§ PROBLEM DESCRIPTION:
Without the pictures, set down everything in the listing exactly.
┌─ THE DATA
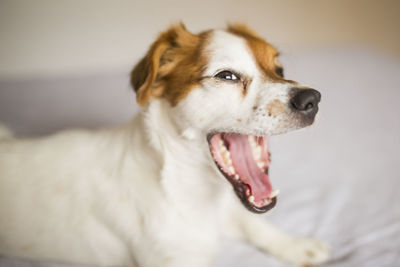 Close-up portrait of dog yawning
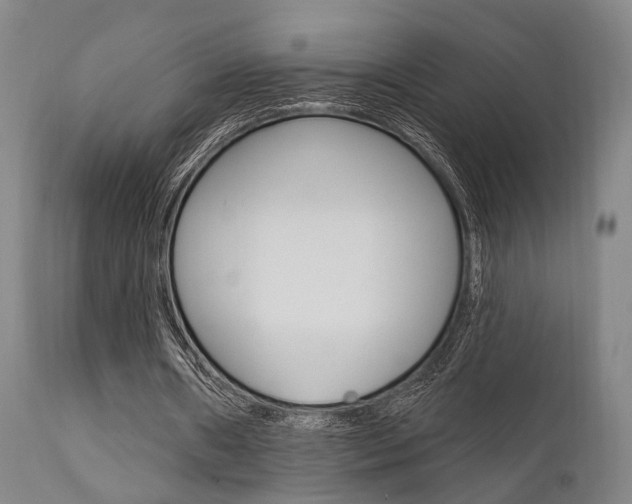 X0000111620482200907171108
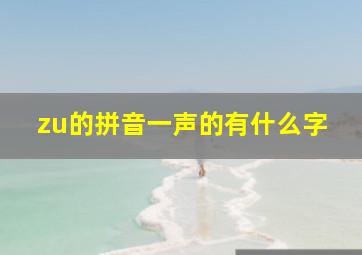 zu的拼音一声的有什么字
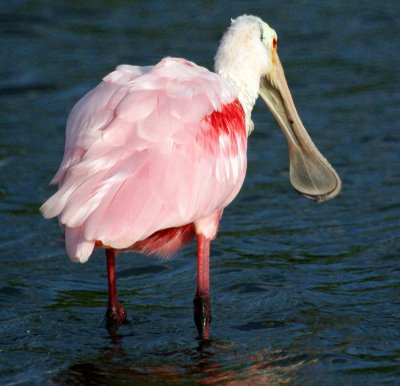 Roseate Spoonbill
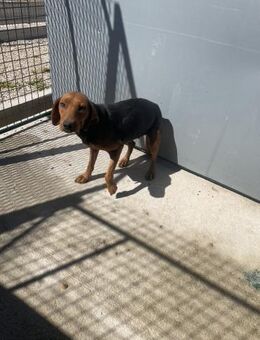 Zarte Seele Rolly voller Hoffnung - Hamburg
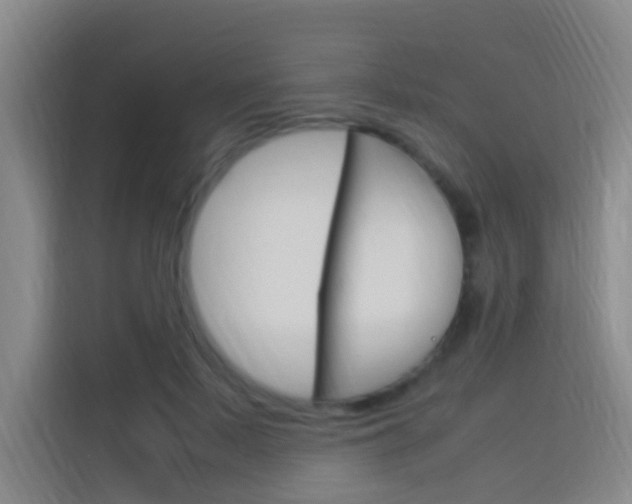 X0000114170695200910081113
└─
§ TASK ANSWER:
 Close-up portrait of dog yawning
 X0000111620482200907171108
 zu的拼音一声的有什么字
 Roseate Spoonbill
 Zarte Seele Rolly voller Hoffnung - Hamburg
 X0000114170695200910081113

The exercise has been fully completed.